Titular Discrepancy: CI

Wednesday, March 27, 2019

Travis, EL7 and Docker-Based Testing

As noted in a prior post, lot of my customer-oriented activities support deployment within networks that are either partially- or wholly-isolated from the public Internet. Yesterday, as part of supporting one such customer, I was stood up a new project to help automate the creation of yum repository configuration RPMs for private networks. I've had to hand-jam such files twice, now, and there's unwanted deltas between the two jam-sessions (in defense, they were separated from each other by nearly a three-year time-span). So, I figured it was time to standardize and automate things.

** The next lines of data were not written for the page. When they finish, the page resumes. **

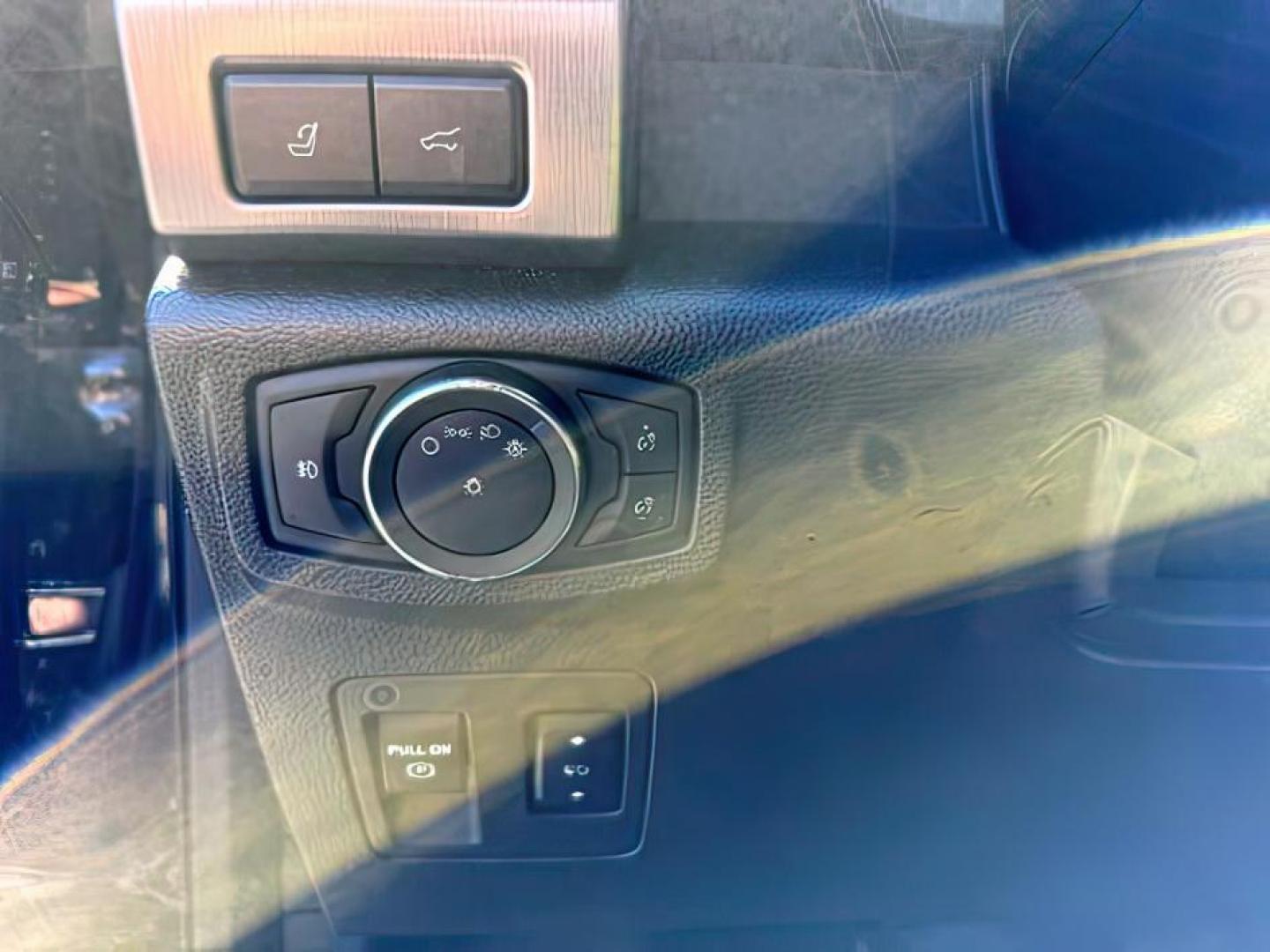 2019 BLACK /LEATHER Ford Expedition (1FMJU1MT0KE) with an 35L V6 DOHC 24V FFV engine, Automatic transmission, located at 1175 N Woodruff Ave, Idaho Falls, ID, 83401, 43.506901, -111.999657 - At Timberline Auto, finding a great deal on your next vehicle is always easy! Our experienced sales staff's goal is to help find you the right vehicle at the right price! Our knowledgeable finance department has options for almost any credit score. We offer extended service contract options to prote - Photo#23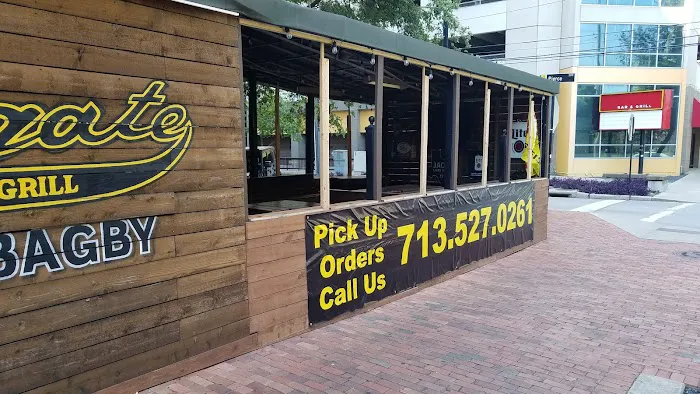 Christian's Tailgate Bar & Grill Picture 7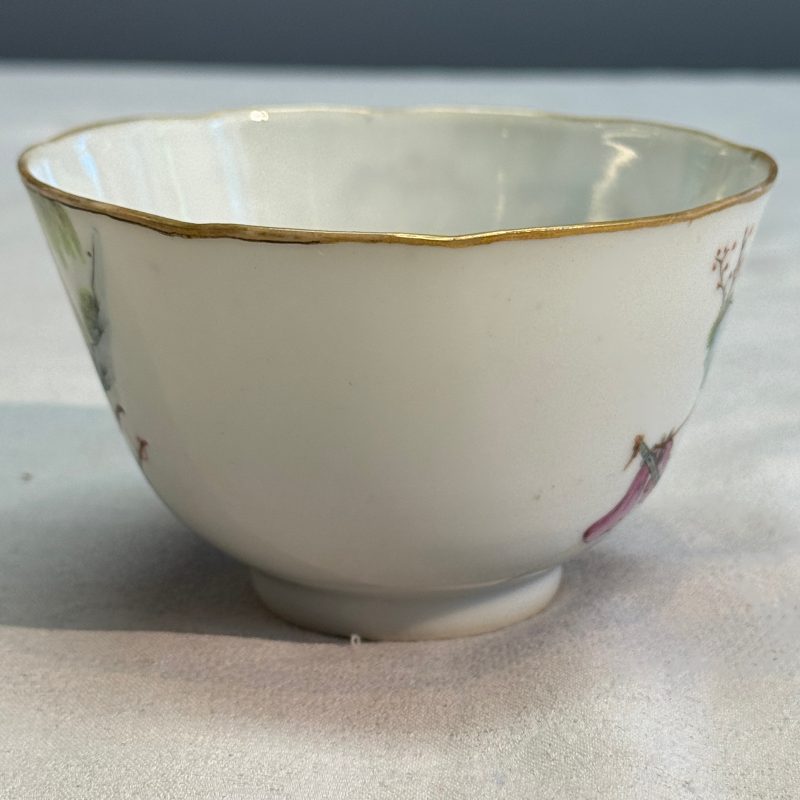 A pair of Chinese famille rose 'Xi Xiang Ji' tea bowls - 图24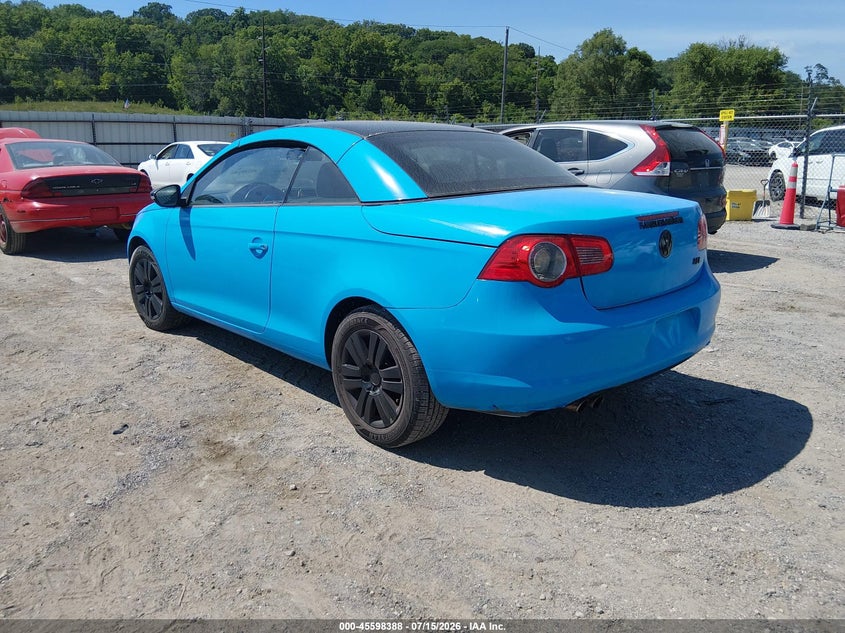 2009 Volkswagen Eos VIN WVWAA71F39V015296 IAAI salvage auction — RIGHT SIDE, Salvage (Iowa), sold $1,125 on 2026-08-03 (photo 3)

Usually, when I stand up a project, I like to include tests of the content that I wish to deliver. Since most of my projects are done in public GitHub repositories, I typically use TravisCI to automate my testing. Prior to this project, however, I wasn't trying to automate the validity-testing of RPM recipes via Travis. Typically, when automating creation of RPMs I wish to retain or deliver, I set up a Jenkins job that takes the resultant RPMs and stores them in Artifactory – both privately-hosted services. Most of my prior Travis jobs were simple, syntax-checkers (using tools like shellcheck, JSON validators, CFn validators, etc.) rather than functionality-checkers.

This time, however, I was trying to deliver a functionality (RPM spec files that would be used to generate source files from templates and package the results). So, I needed to be able to test that a set of spec files and source-templates could be reliably-used to generate RPMs. This meant, I needed my TravisCI job to generate "throwaway" RPMs from the project-files.

The TravisCI system's test-hosts are Ubuntu-based rather than RHEL or CentOS based.While there are some tools that will allow you to generate RPMs on Ubuntu, there've been some historical caveats on their reliability and/or representativeness. So, my preference was to be able to use a RHEL or CentOS-based context for my test-packagings. Fortunately, TravisCI does offer the ability to use Docker on their test-hosts.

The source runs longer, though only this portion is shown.